Functions DEDUPE - trillium_discovery - trillium_quality - Latest

Trillium Control Center

Product type
Software
Portfolio
Verify
Product family
Trillium
Product
Trillium > Trillium Discovery
Version
Latest
Language
English
Product name
Trillium Quality and Discovery
Title
Trillium Control Center
Copyright
2024
First publish date
2008
Last updated
2024-10-18
Published on
2024-10-18T15:02:04.502478

Separates the value in an attribute into tokens and returns the deduped and delimited list of tokens. It performs the deduplication on the attribute value by searching the maximum number of tokens per phrase first, and repeats the search after decrementing the number of tokens per phrase by 1 each time. This process will continue until the number of tokens per phrase reaches the minimum specified.

Note:

You can use the DEDUPE function in the Transformer and the Set Selection utility.

General Guidelines

  • The search is case-sensitive. For example, "Car" and "car" are not duplicates.

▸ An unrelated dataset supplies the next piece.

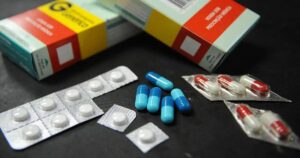 Pesquisa revela que preço do mesmo medicamento pode variar até 2.433% entre farmácias de São Paulo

When the data is in mixed case, the DEDUPE function can be used with the UPPER or LOWER function.
  • Duplicate phrases cannot extend across previously removed phrase(s) within a given record.
  • Pay special attention to the logic for multi-token phrase processing outlined in Example 1. When a duplicate multi-token phrase is found, the original order of tokens in the attribute may not be maintained.

Guidelines for the Set Selection Utility

  • The numerical values will be returned based on currently calculated precision and string formatting.
  • Duplicate phrases cannot extend across boundaries of a given attribute for a given record within the set.
  • The maximum length of the returned string will be the length of the input attribute times the number of records in the set. For example, if the input attribute has a length of 30 and there are 4 records in the set each with a full 30 character of data and no duplicates are found, the concatenation of the 4 records will be 120 characters. If this returned string is written back to a receiving attribute with a length less than 120 characters, the returned data will be truncated to the length of the receiving attribute.